"""Utilities for listing dataset directories"""
import os
from typing import Tuple, List, Dict, Callable
import copy
import random
import math
import multiprocessing
import numpy as np
from numpy.random import RandomState
from mltk.core import get_mltk_logger
from mltk.utils.python import prepend_exception_msg
[docs]def list_dataset_directory(
directory:str,
classes:List[str],
unknown_class_percentage:float=1.0,
unknown_class_label=None,
empty_class_percentage:float=1.0,
empty_class_label:str=None,
class_counts:Dict[str,int] = None,
shuffle=False,
seed=None,
split:Tuple[float,float]=None,
max_samples_per_class=-1,
white_list_formats:List[str]=None,
follow_links=False,
shuffle_index_directory:str=None,
return_absolute_paths:bool=False,
list_valid_filenames_in_directory_function=None,
process_samples_function=None,
) -> Tuple[List[str], List[int]]:
"""Load a directory of samples and return a tuple of lists (sample paths, label_ids)

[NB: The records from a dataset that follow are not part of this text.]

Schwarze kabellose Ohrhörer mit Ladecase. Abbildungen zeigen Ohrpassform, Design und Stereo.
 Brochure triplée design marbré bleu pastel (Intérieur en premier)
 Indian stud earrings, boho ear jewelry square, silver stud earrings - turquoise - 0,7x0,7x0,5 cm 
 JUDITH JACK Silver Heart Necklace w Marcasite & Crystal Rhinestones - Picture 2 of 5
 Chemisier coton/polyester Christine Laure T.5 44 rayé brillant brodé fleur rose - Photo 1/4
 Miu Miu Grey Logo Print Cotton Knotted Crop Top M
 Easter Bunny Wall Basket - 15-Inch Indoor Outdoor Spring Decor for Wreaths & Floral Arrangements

The given directory should have the structure::
<class1>/sample1
<class1>/sample2
...
<class1>/optional sub directory/sample9
<class2>/sample1
<class2>/sample2
...
<class3>/sample1
<class3>/sample2
Where each <class> is found in the given ``classes`` argument.
Args:
directory: Directory path to audio dataset
classes: List of class labels to include in the returned dataset
* If ``unknown_class_label`` is added as an entry to the ``classes``, then this API will automatically
add an 'unknown' class to the generated batches.
Unused classes in the dataset directory will be randomly selected and used as an 'unknown' class.
Use the ``unknown_class_percentage`` setting to control the size of this class.
* If ``empty_class_label`` is added as an entry to the ``classes``, then this API will automatically
add 'empty' samples with all zeros.
Use the ``empty_class_percentage`` setting to control the size of this class.
unknown_class_percentage: If an ``unknown_class_label`` class is added to the class list, then 'unknown' class samples will automatically
be added to batches. This specifies the percentage of of samples to generate relative the smallest number
of samples of other classes. For instance, if another class has 1000 samples and unknown_class_percentage=0.8,
then the number of 'unknown' class samples generated will be 800.
Set this parameter to None to disable this feature
unknown_class_label: Class label to be considered "unknown". See the ``classes`` arg for more details
empty_class_percentage: If a ``empty_class_label`` class is added to the class list, then 'silence' class samples will automatically
be added to batches. This specifies the percentage of of samples to generate relative the smallest number
of samples of other classes. For instance, if another class has 1000 samples and empty_class_percentage=0.8,
then the number of 'empty' class samples generated will be 800.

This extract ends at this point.